The woman was diagnosed in 2004 with a malignant cartilaginous bone tumour -- or chondrosarcoma -- and she refused to take doctors' advice in Kuwait, where she lives, to have half of her pelvis and her right leg removed.
By the time she arrived in Germany in 2008 the tumour was so large -- photos show it as being the size of a beach ball -- that she could not urinate normally and she was in acute danger of suffering a blocked intestine.
It also grew outwards, stretching the skin on the hip and thigh that the skin had broken on the buttocks and the tumour protruded out.
Using chemotherapy, doctors at Capital Health in Berlin managed to get the tumour to collapse from within, and the remainder was removed in five separate operations at intervals of two to four weeks.
After the third operation the patient was able to sit up in bed for the first time in six months, and follow-up examinations have -- so far -- shown no evidence of any tumour.
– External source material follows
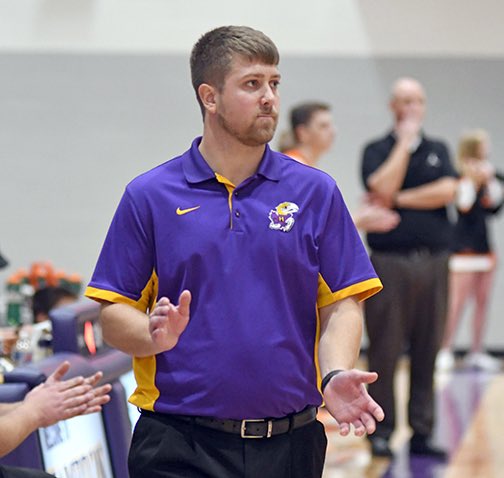 tony_chapman76's tweet photo. Have been asked by friends of Coach Ediger to let folks know there is a fund through Cornerstone Bank under Kyle Ediger Memorial.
The next step will be to reconstruct the partially removed pelvis with a tailor-made implant and to give her an artificial hip, Doctor Heinz Zurbruegg told reporters.
Apparently now back to her previous size and shape and wearing traditional Arab dress covering everything except the eyes, she walked with a crutch but was alert and lively, making at one point a victory-sign with her fingers.
"I felt like I couldn't go on," the woman said through an interpreter as her husband, whose oil firm employer is covering the medical costs of well over 100,000 euros (130,000 dollars), looked on.
"When I get home the first thing I want to do is hug my kids."